Occasionally, I’ll take a photo that doesn’t work out quite right. By occasionally I mean every time I take my camera out. Mostly this is because I’m a fan of trying different settings in the camera and framing what I am photographing in different ways. I think one of the big bonuses of using a digital camera is the ability to throw away images later. I also always wait to throw images away. Instead of deleting photos while they are still in the camera, I download all my photos and make sure to take a look at them on the bigger screen. I’m talking about a photos like this one that I took this weekend:
What I was trying to do at the time was get a shot of the snowdrops in the foreground from a low angle but not lay down on the ground at the same time. It didn’t work; the camera focused on the flowers that were just emerging in the background. On the back of my camera it pretty much looked like the whole photo was out of focus. On my bigger screen I found the shot more in focus than I had realized and more interesting. I took this as an opportunity to create something a bit different than what I had originally intended when I shot the photo. Here is what I came up with:
First I cropped the image. Then I ignored conventional photography wisdom that insists that a photo be completely in focus. I used this photo to work with two filters that I like but find a bit tricky to get exactly right. One is the iris filter in Photoshop and the other in the radial filter in Lightroom. I started with the iris filter in Photoshop which allows you to drop a pin on the part of the image you would like to be in focus, You can make that pinpoint whatever size you would like it to be.
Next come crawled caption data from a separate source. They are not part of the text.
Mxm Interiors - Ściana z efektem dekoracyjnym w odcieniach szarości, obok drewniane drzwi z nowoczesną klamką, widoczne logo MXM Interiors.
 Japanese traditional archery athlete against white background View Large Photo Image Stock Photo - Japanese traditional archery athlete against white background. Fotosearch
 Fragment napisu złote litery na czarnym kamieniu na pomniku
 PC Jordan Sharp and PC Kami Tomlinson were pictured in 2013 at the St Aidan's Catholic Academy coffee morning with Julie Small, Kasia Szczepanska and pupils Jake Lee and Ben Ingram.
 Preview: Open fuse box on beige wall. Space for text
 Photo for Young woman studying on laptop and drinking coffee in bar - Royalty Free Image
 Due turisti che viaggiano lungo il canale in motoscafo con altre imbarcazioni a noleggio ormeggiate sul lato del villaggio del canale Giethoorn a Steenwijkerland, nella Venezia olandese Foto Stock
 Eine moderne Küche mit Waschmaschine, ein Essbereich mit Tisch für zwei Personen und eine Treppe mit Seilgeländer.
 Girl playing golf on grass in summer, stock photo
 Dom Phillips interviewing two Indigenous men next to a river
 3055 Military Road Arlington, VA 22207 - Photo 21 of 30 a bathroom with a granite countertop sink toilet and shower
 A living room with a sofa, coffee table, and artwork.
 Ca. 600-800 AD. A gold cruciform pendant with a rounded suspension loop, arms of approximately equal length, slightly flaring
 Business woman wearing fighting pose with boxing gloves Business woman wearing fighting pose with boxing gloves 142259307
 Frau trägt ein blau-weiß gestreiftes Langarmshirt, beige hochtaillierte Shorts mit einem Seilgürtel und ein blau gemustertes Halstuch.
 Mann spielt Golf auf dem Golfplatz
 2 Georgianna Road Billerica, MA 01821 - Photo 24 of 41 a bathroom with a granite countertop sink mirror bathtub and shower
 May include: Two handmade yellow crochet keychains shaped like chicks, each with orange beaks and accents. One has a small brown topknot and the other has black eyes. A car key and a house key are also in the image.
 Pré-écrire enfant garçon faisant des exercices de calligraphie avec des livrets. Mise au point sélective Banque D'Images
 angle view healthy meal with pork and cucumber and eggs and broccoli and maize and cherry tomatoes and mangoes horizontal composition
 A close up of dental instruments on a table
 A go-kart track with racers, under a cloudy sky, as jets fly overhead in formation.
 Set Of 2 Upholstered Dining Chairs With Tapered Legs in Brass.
Then you then use a dial to decide how blurred the rest of the photo will be. In this case it was a bit of back and forth before I settled on the size of the part of the photo that would be in focus.
The radial filter in Lightroom I used to warm up the image as well as boost the clarity and vibrance. The interesting thing about that filter is that you can either have the edits applied to the area inside the filter or outside. It’s just a question of a checkmark that is inside the dialogue box. I always try it both ways, just to see what I like. Usually, as I did here, that box ends up with a check in it.